Captioned web images
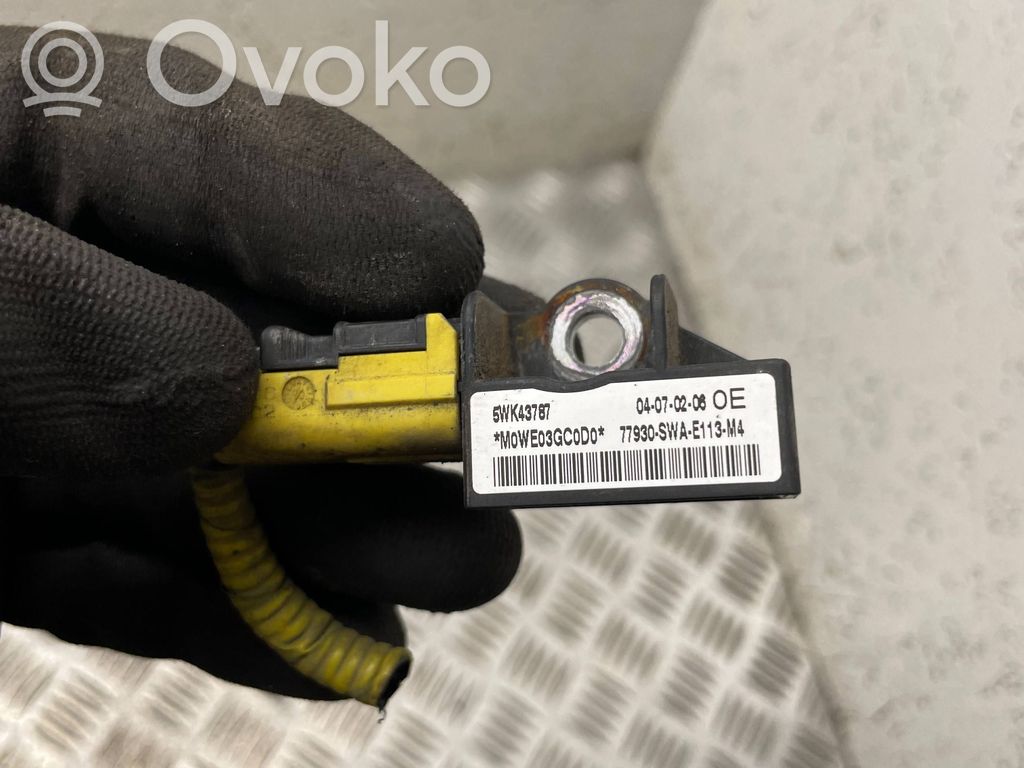 Honda CR-V Airbagsensor Crashsensor Drucksensor 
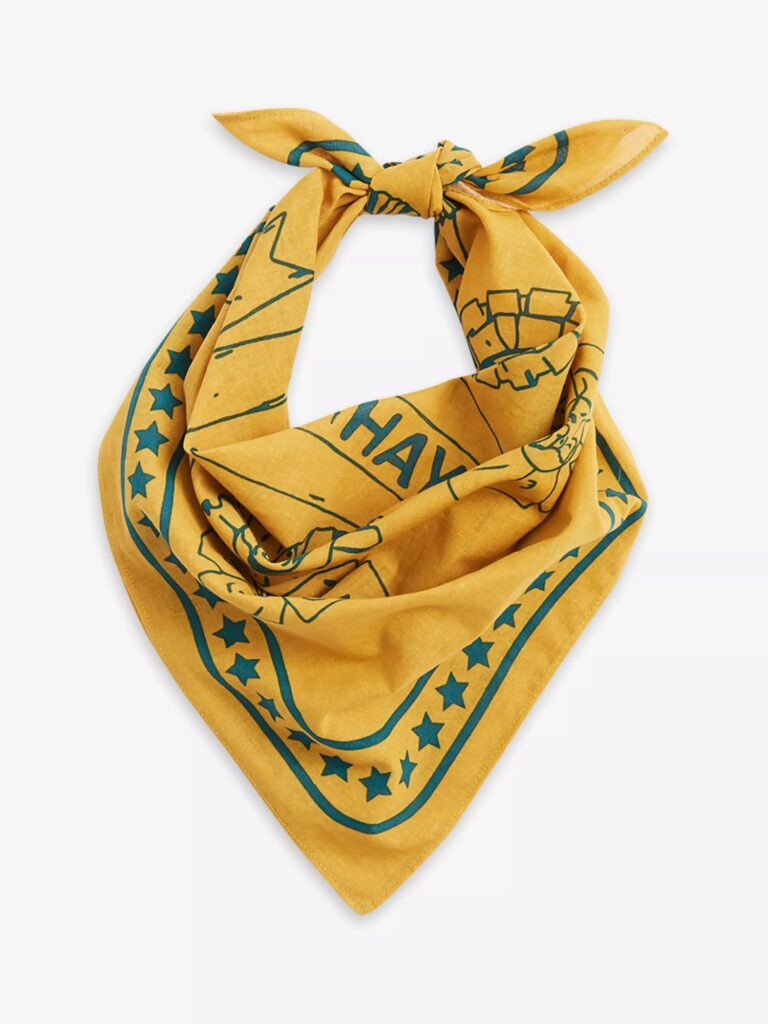 Junior Magazine Hay Graphic-Print Dog Scarf, £13, Selfridges 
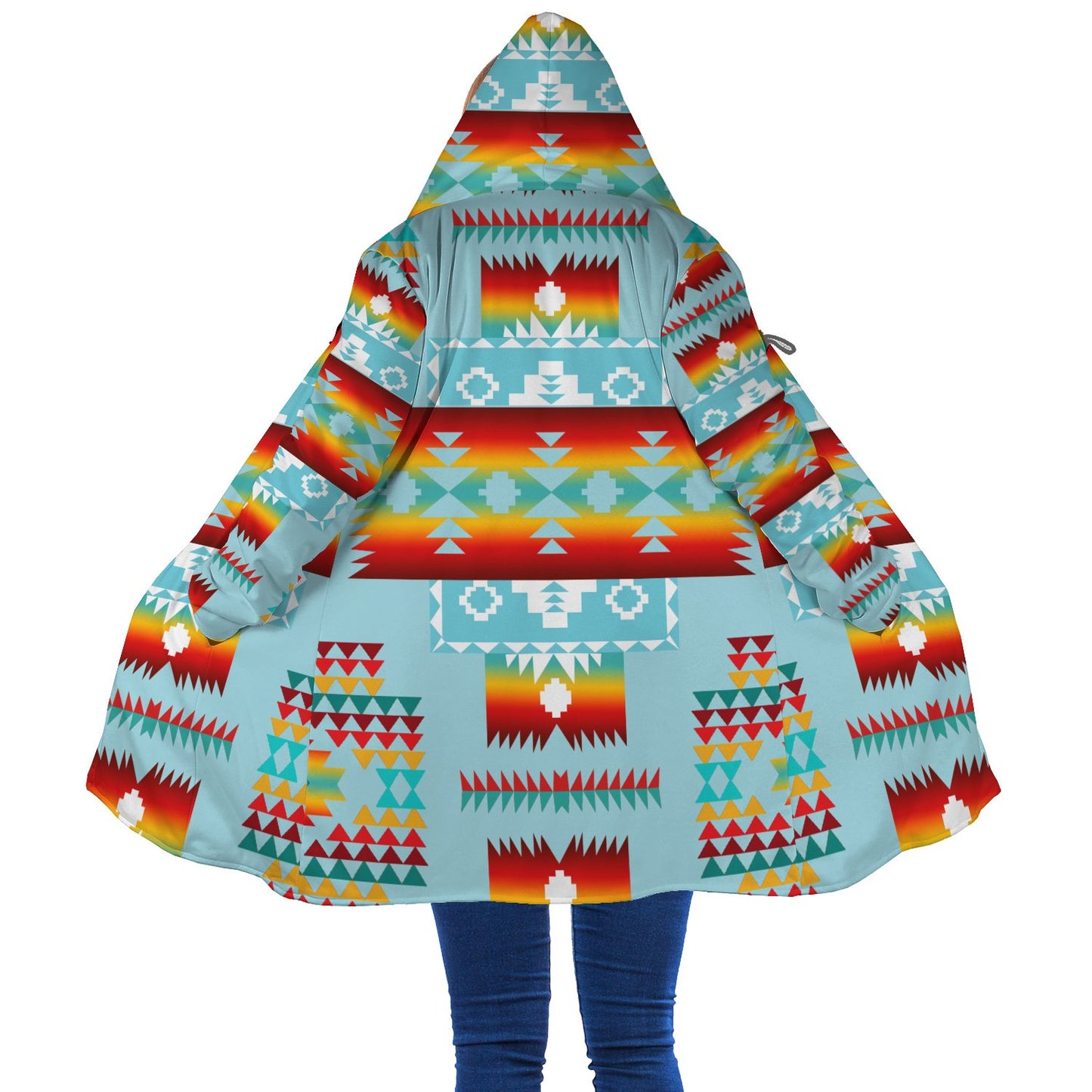 Blue Pattern Style Native Cloak
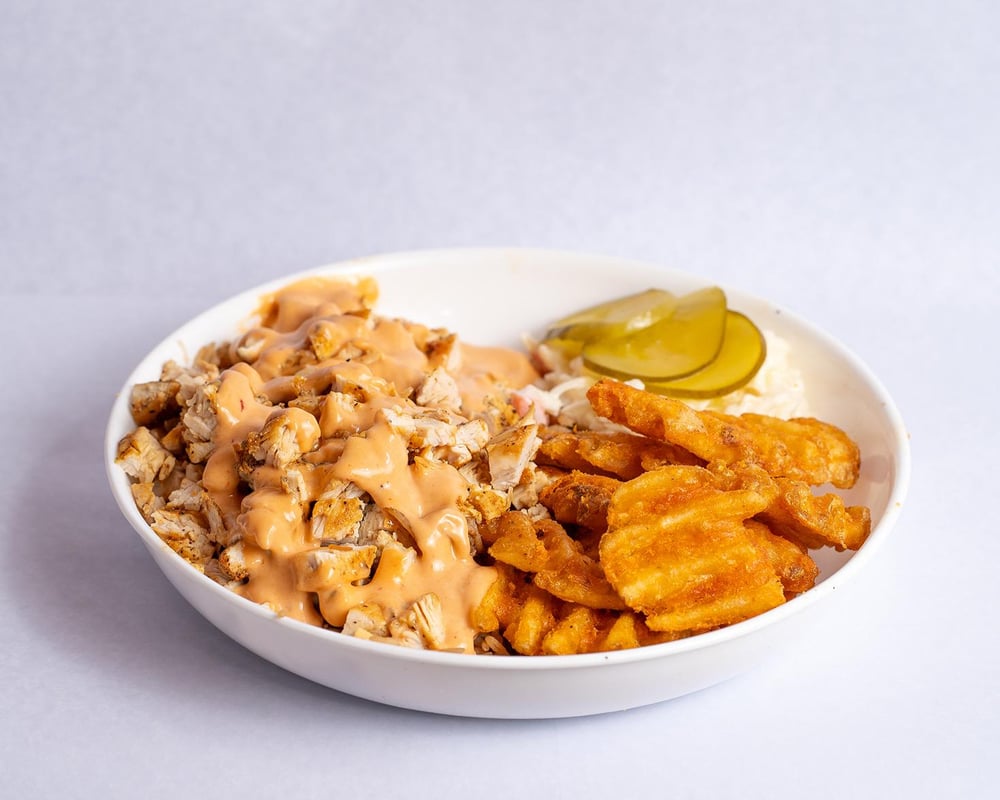 YoYo Grilled Chicken Over Rice Bowl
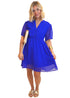 Dress The Lucia Dress - Royal Blue Chiffon dubai outfit dress brunch fashion mums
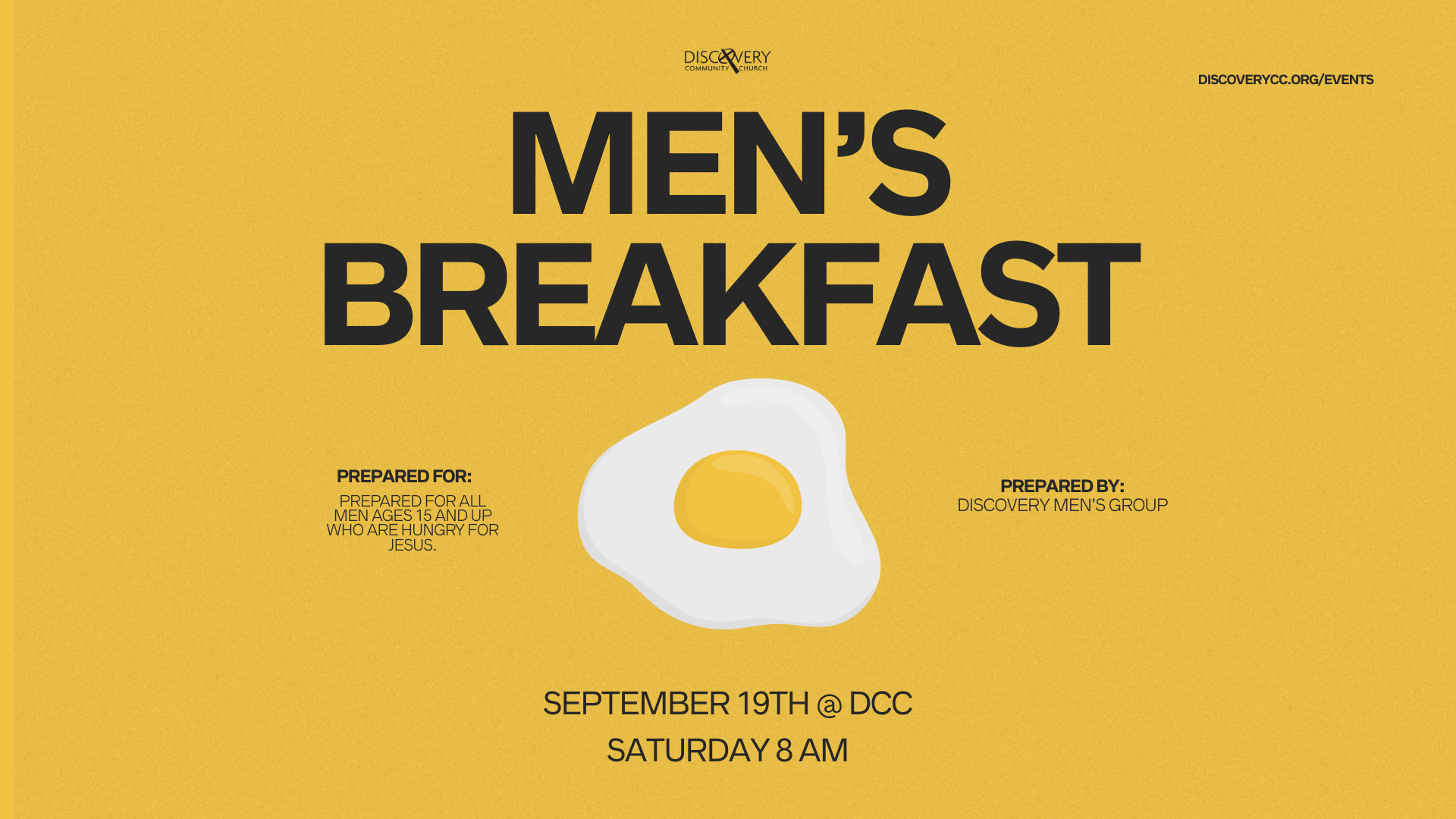 Men's Breakfast
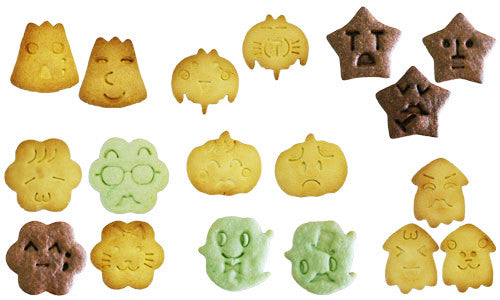 Tiger Crown Cookie Stamp Set Face 1722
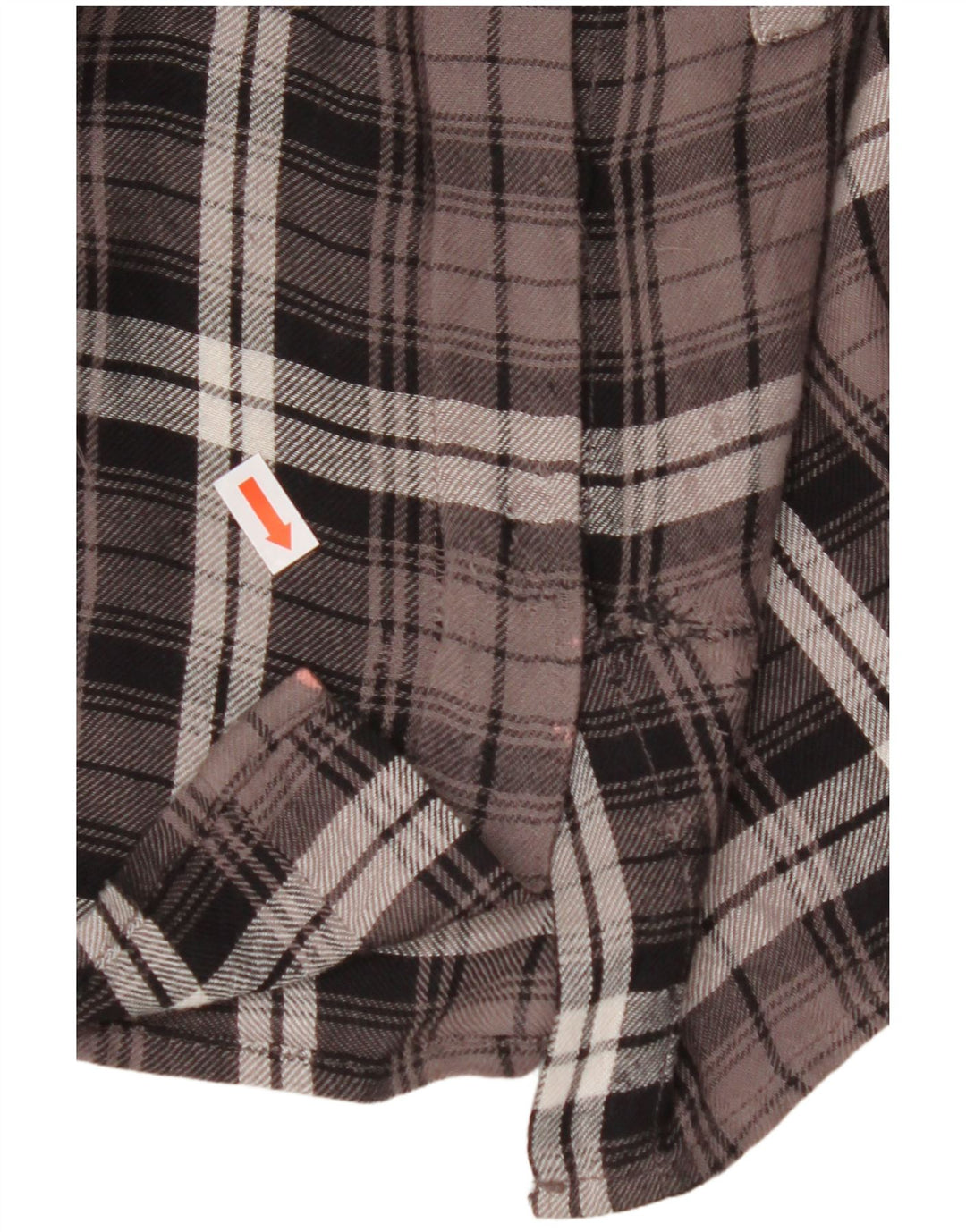 BENETTON ženska prevelika košulja od flanela UK 10 Mala smeđa karirana viskoza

◆ **EXERCISE AIM**
Leave the pictures out and print the records above exactly as they stand.

◆ **RESULT**
 Honda CR-V Airbagsensor Crashsensor Drucksensor 
 Junior Magazine Hay Graphic-Print Dog Scarf, £13, Selfridges 
 Blue Pattern Style Native Cloak
 YoYo Grilled Chicken Over Rice Bowl
 Dress The Lucia Dress - Royal Blue Chiffon dubai outfit dress brunch fashion mums
 Men's Breakfast
 Tiger Crown Cookie Stamp Set Face 1722
 BENETTON ženska prevelika košulja od flanela UK 10 Mala smeđa karirana viskoza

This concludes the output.